Canadian Bacon Dry Cured  (Step by Step)   About a month ago I ran out of Canadian Bacon, so I waited for the Christmas Week sales. I got an 11.24 LB Pork Loin @ $1.89 LB. I also got 5 “Choice” Prime Ribs about 5 to 6 LBS each ($7.99 LB). Then I had the bones trimmed off of the Prime Ribs, with...

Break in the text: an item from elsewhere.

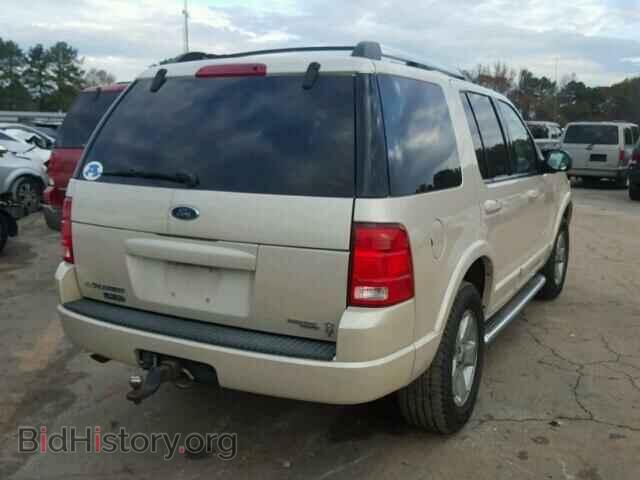 2005 FORD EXPLORER - VIN: 1FMZU75W45ZA10594 - Photo 4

					www.smokingmeatforums.com


----------



## redneck5236 (Feb 6, 2020)

chopsaw said:


> In case you didn't find it .
> 
> 
> 
> ...


thank you very much ! got the loin cut up ! small roast for sauerkraut 1 center cut chops ! and 4lbs for Canadian bacon going to give this a try !


----------



## smokerjim (Feb 6, 2020)

chopsaw said:


> In case you didn't find it .
> 
> 
> 
> ...


thanks chopsaw, I didn't know how to do that.


----------



## Bearcarver (Feb 6, 2020)

redneck5236 said:


> thank you very much ! got the loin cut up ! small roast for sauerkraut 1 center cut chops ! and 4lbs for Canadian bacon going to give this a try !




Sounds Great !!
The one they gave you is my favorite of my Canadian Bacon Step by Steps.
If you run into any questions, give me a yell.
Any time you want to find my Step by Step Index, just go to the bottom of any one of my posts.
They should be easy to find---There's over 35,000 of them on here.

Bear


----------



## redneck5236 (Feb 8, 2020)

Bearcarver said:


> Sounds Great !!
> The one they gave you is my favorite of my Canadian Bacon Step by Steps.
> If you run into any questions, give me a yell.
> Any time you want to find my Step by Step Index, just go to the bottom of any one of my posts.
> ...


Thank you ! Canadian bacon has been rubbed down with cure and brown sugar ! Been 3 days flipping every morning ! Going to smoke them on Feb 15th !


----------



## chopsaw (Feb 8, 2020)

You'll be hooked .  
Watching for the finish .


----------



## gary s (Feb 8, 2020)

It will be good, Bear started me on Canadian (Back Bacon) for our Canadian Friends.
Follow the step by step and if will be great

Gary


----------



## Bearcarver (Feb 8, 2020)

redneck5236 said:


> Thank you ! Canadian bacon has been rubbed down with cure and brown sugar ! Been 3 days flipping every morning ! Going to smoke them on Feb 15th !




Sounds Great---Enjoy!

Bear


----------